Lunch With Queen Noor: Turkey and Israel Need to “Repair Relations”

The queen touts an anti-nuclear agenda for “Countdown to Zero”

The woman who once ruled Jordan with King Hussein is poised, dressed impeccably in a summer-white suit and speaks calmly about the nuclear threat facing her region, and the world.

Nuclear materials are “poorly guarded in unstable regions,” she told WaxWord at a private lunch in Beverly Hills on Friday. That situation intensifies the longstanding threat from Cold War nuclear arsenals – even with significant cuts back in the Reagan era.

It’s been decades since then.

Noor, who was born and raised in America but adopted Jordan when she married King Hussein, may be an unlikely spokeswoman for the reduction of nuclear arms and a new documentary that portrays the danger, “Countdown to Zero.”

But she says it comes from her desire to promote constructive development in poor countries such as her own, and from a frustration at seeing the waste of precious resources over arms in the developing world.

Her region is particularly volatile, with nuclear-powered Israel as a next-door neighbor, the ideologically-driven Iran on a breakneck quest for nuclear parity with the West, at least in terms of know-how, and the terrifying notion of al-Qaeda in the game to acquire nuclear material.
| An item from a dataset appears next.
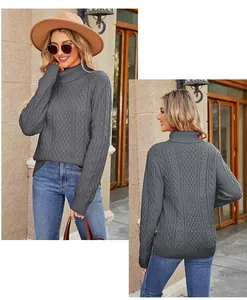 Detail view of grey cable-knit turtleneck sweater showing front and back texture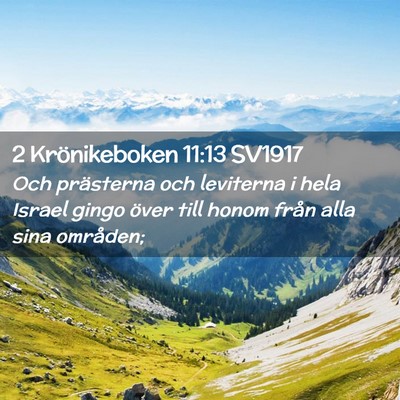 Picture 02 - 2 Krönikeboken 11:13 SV1917 - Och prästerna och leviterna i hela Israel gingo - Bible Verse Picture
With antagonism between the nuclear-enabled India and Pakistan on the rise, the queen has every reason for concern.

I asked what seemed to her to be the greatest nuclear threat in her region.

“We get (Israeli) radiation in the Jordan Valley, it probably comes from their facilities in Dimona,” the queen answered. But, she added, “the epicenter of the nuclear threat is South Asia.”

Pakistan, I inquired? She nodded, and added that Burma was also believed to be embarking on a nuclear program.

And what about Iran? Here she was pointedly diplomatic. Iran has to be approached as part of the plan to get all countries to agree to eliminate nuclear weapons, she said. Iran, she pointed out, has signed the Nuclear Non-Proliferation Treaty.

“How do you make a convincing argument to Iran, when India …hasn’t signed the NPT? Unless there is a framework that is non-discriminatory how do you achieve it? How do you demolish their logic? Their neighbors have (weapons).”

Meanwile, I asked Queen Noor her view of Israel’s deadly interception of a Turkish boat on a humanitarian mission to the Gaza Strip.

She expressed serious concern. “When you have the fraying of a relationship – and the Turkey – Israel relationship has been very important — … that’s a concerning situation,” she said.

“Work has to be done to repair relations,” she said.

The producers of “Zero” have been running across the country and around the globe to whip up interest in “Countdown to Zero,” a film about an important issue that is going to have an uphill battle in the PR and viewership department.

No one wants to think about nuclear proliferation – unless, God help us, some horrible dirty bomb explodes along the way.

It opens on July 23 in Washington DC and New York.